Thread: [HACKERS] Dynamic result sets from procedures

[HACKERS] Dynamic result sets from procedures

From

Peter Eisentraut

Date:

01 November 2017, 03:08:47

This patch is more of a demo of what could be done, not my primary
focus, but if there is interest and some assistance, maybe we can make
something out of it.  This patch also goes on top of "SQL procedures"
version 1.

The purpose is to return multiple result sets from a procedure.  This
is, I think, a common request when coming from MS SQL and DB2.  MS SQL
has a completely different procedure syntax, but this proposal is
compatible with DB2, which as usual was the model for the SQL standard.
So this is what it can do:

CREATE PROCEDURE pdrstest1()
LANGUAGE SQL
AS $$
DECLARE c1 CURSOR WITH RETURN FOR SELECT * FROM cp_test2;
DECLARE c2 CURSOR WITH RETURN FOR SELECT * FROM cp_test3;
$$;

CALL pdrstest1();

and that returns those two result sets to the client.

That's all it does for now.  Things get more complex when you consider
nested calls.  The SQL standard describes additional facilities how an
outer procedure can accept a called procedure's result sets, or not.  In
the thread on transaction control, I mentioned that we might need some
kind of procedure call stack.  Something like that would be needed here
as well.  There are also probably some namespacing issues around the
cursors that need more investigation.

A more mundane issue is how we get psql to print multiple result sets.
I have included here a patch that does that, and you can see that new
result sets start popping up in the regression tests already.  There is
also one need error that needs further investigation.

We need to think about how the \timing option should work in such
scenarios.  Right now it does

start timer
run query
fetch result
stop timer
print result

If we had multiple result sets, the most natural flow would be

start timer
run query
while result sets
    fetch result
    print result
stop timer
print time

but that would include the printing time in the total time, which the
current code explicitly does not.  We could also temporarily save the
result sets, like

start timer
run query
while result sets
    fetch result
stop timer
foreach result set
    print result

but that would have a lot more overhead, potentially.

Thoughts?

-- 
Peter Eisentraut              http://www.2ndQuadrant.com/
PostgreSQL Development, 24x7 Support, Remote DBA, Training & Services

-- 
Sent via pgsql-hackers mailing list (pgsql-hackers@postgresql.org)
To make changes to your subscription:
http://www.postgresql.org/mailpref/pgsql-hackers

Attachment

Re: [HACKERS] Dynamic result sets from procedures

From

Craig Ringer

Date:

01 November 2017, 08:35:28

On 1 November 2017 at 05:08, Peter Eisentraut
<peter.eisentraut@2ndquadrant.com> wrote:

> CREATE PROCEDURE pdrstest1()
> LANGUAGE SQL
> AS $$
> DECLARE c1 CURSOR WITH RETURN FOR SELECT * FROM cp_test2;
> DECLARE c2 CURSOR WITH RETURN FOR SELECT * FROM cp_test3;
> $$;
>
> CALL pdrstest1();

FWIW, this is similar to the model already used by PgJDBC to emulate
multiple result sets, though the current support in the driver is
rather crude.
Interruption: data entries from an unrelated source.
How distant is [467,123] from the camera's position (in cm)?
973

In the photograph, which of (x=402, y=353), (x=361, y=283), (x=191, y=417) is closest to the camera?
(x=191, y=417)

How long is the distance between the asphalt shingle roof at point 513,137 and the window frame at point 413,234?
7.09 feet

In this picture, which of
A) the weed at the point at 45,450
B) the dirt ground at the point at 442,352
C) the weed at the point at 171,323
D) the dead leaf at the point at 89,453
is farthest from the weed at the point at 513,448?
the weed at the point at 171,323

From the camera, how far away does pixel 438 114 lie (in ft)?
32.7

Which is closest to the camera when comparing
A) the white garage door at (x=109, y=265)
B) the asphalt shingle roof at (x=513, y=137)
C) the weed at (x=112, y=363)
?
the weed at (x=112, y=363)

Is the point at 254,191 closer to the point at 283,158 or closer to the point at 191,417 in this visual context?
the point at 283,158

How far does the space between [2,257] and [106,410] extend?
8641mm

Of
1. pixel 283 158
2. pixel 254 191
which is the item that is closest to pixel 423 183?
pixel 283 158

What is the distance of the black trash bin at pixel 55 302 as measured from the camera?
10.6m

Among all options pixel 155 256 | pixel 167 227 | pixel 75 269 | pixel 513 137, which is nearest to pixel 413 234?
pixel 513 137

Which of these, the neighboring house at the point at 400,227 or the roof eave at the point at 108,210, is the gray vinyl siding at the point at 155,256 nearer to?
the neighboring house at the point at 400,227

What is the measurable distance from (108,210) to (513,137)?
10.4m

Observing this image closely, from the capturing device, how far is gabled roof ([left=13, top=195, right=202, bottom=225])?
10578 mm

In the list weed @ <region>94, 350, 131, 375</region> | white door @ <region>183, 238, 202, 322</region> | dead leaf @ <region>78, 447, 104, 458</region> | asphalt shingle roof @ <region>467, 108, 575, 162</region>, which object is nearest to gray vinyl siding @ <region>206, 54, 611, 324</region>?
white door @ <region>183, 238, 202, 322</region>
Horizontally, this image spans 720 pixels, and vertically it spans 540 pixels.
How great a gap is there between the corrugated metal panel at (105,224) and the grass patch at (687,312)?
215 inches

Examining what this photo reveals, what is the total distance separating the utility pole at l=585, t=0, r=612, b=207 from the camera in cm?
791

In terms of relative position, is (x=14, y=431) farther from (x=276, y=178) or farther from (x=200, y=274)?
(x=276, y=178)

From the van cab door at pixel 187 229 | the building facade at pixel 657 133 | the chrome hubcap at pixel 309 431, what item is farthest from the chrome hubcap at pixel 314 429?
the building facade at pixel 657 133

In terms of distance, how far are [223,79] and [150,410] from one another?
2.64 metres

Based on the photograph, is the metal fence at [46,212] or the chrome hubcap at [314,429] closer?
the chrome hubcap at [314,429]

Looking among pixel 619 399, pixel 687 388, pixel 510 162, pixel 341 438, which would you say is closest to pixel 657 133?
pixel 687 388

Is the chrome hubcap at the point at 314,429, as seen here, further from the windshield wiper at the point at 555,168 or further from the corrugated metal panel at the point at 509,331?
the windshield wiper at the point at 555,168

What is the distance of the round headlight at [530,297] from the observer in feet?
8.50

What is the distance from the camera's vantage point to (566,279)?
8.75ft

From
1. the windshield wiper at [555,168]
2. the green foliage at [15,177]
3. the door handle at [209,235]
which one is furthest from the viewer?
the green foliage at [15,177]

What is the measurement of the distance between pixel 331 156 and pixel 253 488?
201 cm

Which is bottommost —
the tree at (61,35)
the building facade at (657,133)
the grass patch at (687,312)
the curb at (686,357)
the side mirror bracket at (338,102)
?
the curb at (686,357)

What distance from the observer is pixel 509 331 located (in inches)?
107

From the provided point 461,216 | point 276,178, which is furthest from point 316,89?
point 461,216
It detects a REFCURSOR in an output parameter / result
set and transparently FETCHes the result set, making it look to the
client app like it's a nested result set.
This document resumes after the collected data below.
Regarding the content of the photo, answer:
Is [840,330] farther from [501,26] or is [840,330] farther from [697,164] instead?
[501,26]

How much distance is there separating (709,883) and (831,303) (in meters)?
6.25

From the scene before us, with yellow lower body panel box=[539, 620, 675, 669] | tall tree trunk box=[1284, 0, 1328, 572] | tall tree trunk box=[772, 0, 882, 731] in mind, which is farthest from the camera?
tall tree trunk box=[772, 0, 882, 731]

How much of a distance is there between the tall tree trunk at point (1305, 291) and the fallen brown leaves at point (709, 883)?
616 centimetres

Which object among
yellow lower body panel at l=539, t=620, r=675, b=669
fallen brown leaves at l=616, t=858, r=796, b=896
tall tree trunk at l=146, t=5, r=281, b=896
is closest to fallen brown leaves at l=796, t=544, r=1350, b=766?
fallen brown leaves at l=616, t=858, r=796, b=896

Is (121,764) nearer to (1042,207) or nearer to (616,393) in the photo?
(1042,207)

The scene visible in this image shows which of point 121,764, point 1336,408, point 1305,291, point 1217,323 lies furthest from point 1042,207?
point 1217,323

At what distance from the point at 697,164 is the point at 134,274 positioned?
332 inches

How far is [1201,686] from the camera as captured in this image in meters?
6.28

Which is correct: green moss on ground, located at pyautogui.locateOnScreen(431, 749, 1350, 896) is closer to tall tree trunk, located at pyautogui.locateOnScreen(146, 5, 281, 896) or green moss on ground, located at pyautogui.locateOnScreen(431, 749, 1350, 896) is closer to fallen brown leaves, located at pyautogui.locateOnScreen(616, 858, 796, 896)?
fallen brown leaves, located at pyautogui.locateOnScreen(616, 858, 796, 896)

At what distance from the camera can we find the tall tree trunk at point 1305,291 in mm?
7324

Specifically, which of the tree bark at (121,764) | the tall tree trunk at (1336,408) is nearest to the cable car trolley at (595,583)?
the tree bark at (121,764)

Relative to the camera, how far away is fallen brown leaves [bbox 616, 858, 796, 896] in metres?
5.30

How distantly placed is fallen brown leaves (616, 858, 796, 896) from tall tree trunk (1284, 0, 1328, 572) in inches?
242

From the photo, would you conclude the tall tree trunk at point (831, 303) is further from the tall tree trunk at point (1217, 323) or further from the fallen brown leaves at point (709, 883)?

This shouldn't conflict with what you're doing because the driver does
not follow the JDBC standard behaviour of using
Statement.getMoreResults() and Statement.getResultSet() for multiple
result sets. That's currently only used by PgJDBC when fetching result
sets from batch query executions. Instead, the multiple result set
emulation requires the caller to 'getObject' the 'refcursor' field's
result-object, then cast it to ResultSet, and treat it as a new
(nested) result set.

True multiple result sets would be exposed in PgJDBC via getMoreResults().
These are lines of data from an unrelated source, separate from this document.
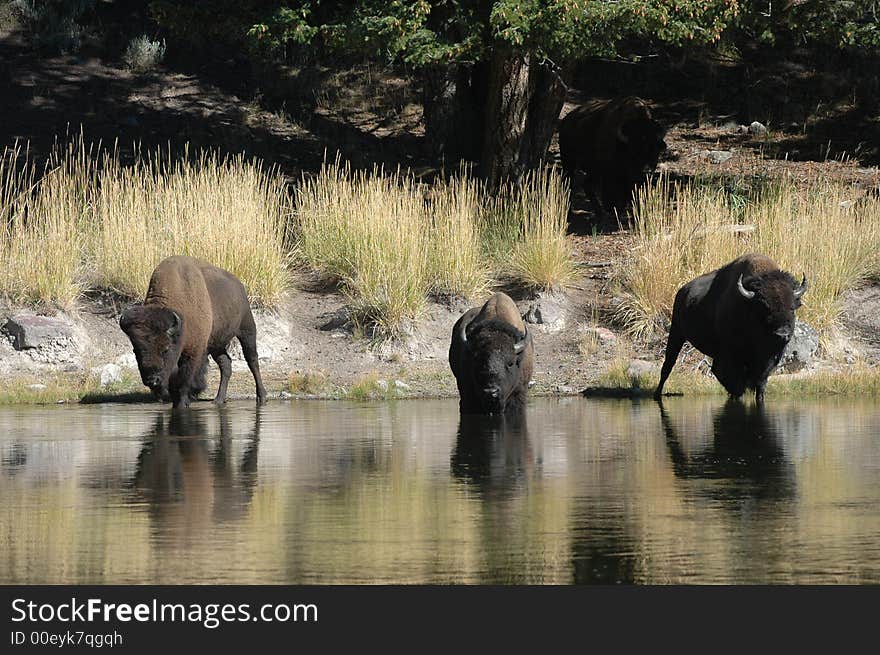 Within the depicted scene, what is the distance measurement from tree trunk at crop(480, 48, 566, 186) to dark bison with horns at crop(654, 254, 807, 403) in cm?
842

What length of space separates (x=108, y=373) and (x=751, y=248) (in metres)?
9.43

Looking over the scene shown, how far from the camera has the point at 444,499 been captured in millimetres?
9906

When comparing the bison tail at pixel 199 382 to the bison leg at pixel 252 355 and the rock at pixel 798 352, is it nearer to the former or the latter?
the bison leg at pixel 252 355

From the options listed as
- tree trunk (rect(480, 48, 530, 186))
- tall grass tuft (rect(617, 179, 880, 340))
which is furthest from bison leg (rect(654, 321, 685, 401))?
tree trunk (rect(480, 48, 530, 186))

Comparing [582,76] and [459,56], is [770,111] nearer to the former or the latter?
[582,76]

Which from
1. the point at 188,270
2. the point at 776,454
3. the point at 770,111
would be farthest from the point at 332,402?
the point at 770,111

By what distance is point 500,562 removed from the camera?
7.86 metres

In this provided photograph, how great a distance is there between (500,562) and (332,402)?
34.2 ft

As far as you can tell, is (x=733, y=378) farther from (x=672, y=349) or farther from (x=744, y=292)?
(x=672, y=349)

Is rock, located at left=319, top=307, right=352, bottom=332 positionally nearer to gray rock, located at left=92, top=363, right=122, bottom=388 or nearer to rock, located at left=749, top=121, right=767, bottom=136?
gray rock, located at left=92, top=363, right=122, bottom=388

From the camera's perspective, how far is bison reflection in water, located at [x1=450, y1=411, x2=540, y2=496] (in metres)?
10.8

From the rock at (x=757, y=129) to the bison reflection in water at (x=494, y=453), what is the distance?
19.6 metres

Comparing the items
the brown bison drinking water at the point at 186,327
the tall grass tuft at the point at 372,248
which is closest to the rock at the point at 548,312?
the tall grass tuft at the point at 372,248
-- Craig Ringer                   http://www.2ndQuadrant.com/PostgreSQL Development, 24x7 Support, Training & Services

-- 
Sent via pgsql-hackers mailing list (pgsql-hackers@postgresql.org)
To make changes to your subscription:
http://www.postgresql.org/mailpref/pgsql-hackers

Re: [HACKERS] Dynamic result sets from procedures

From

Pavel Stehule

Date:

01 November 2017, 16:23:47

2017-10-31 22:08 GMT+01:00 Peter Eisentraut <peter.eisentraut@2ndquadrant.com>:

This patch is more of a demo of what could be done, not my primary
focus, but if there is interest and some assistance, maybe we can make
something out of it. This patch also goes on top of "SQL procedures"
version 1.

The purpose is to return multiple result sets from a procedure. This
is, I think, a common request when coming from MS SQL and DB2. MS SQL
has a completely different procedure syntax, but this proposal is
compatible with DB2, which as usual was the model for the SQL standard.
So this is what it can do:

CREATE PROCEDURE pdrstest1()
LANGUAGE SQL
AS $$
DECLARE c1 CURSOR WITH RETURN FOR SELECT * FROM cp_test2;
DECLARE c2 CURSOR WITH RETURN FOR SELECT * FROM cp_test3;
$$;

CALL pdrstest1();

and that returns those two result sets to the client.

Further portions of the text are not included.